When i checked the index: index=my_raw_index
The data showed was 21332. Double of actual count.
When i checked the source, there are 12 sources instead of 6. Some source types are fileparts of actual log file. Its like mylog.log-20130514.filepart
If i run a query: index=my_raw_index | where like(source, "%20130514"),
it gives me 10666.
Since the file size is huge, it took sometime for the log files to get copied completely.
I have following settings in inputs.conf file of forwarder node.

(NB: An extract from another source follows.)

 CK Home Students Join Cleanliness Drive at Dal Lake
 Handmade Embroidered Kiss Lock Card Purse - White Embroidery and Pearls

[monitor:///home/data/aaa/bbb/*]
disabled = false
sourcetype = bbb_ccc
index = my_raw_index
crcSalt = SOURCE
Note: For crcSalt, angular brackets are there. Here i took it out since nothing was getting displayed.
How to avoid this filepart indexing. What settings should be enabled so that data is not indexed twice.
Thanks
Strive
blacklist = \.(filepart)$
Remove "crcSalt = SOURCE".
You'll need to re-index those log files as Splunk has already seen them and will not re-index them unless you do something like clean the index (if that's possible on this index.)
The combined size of 6 log files is 4.5 MB.
In production the combined size of log files would be around 8 MB
blacklist = \.(filepart)$
Remove "crcSalt = SOURCE".
You'll need to re-index those log files as Splunk has already seen them and will not re-index them unless you do something like clean the index (if that's possible on this index.)
Thanks a lot kristian. Your suggestion makes sense to copy the files to temp folder first.
This solution worked...thanks #the_wolverine
Did you clean out the fishbucket as well? Unless you do so, Splunk will not re-index the files.
That is an index (which can be cleaned) where splunk stores what it has already seen (files, offset-pointers). Beware though that if you clean this, splunk will re-index any file it's been configured to monitor (if they're still there).
Oh, for reasons that you've just experienced, you should not copy huge files over the network directly into a monitored folder. It's better to copy it to a temp folder (on the same file system) and then move it into the monitored folder.
/k
Its working. Thank you.
I cleaned the index. Added blacklist = .(filepart)$
I did not remove crcSalt=
Data is not getting indexed.
You should really only use batch for one time read and destruct of your log files. Please refer to the documentation for batch input to confirm if that's what you really want to do.
Thank you for your response. I will check your solution.
The combined size of 6 log files is 4.5 MB.
Should i use [batch] rather than monitor in this scenario. Actually in production environment it will be around 7MB.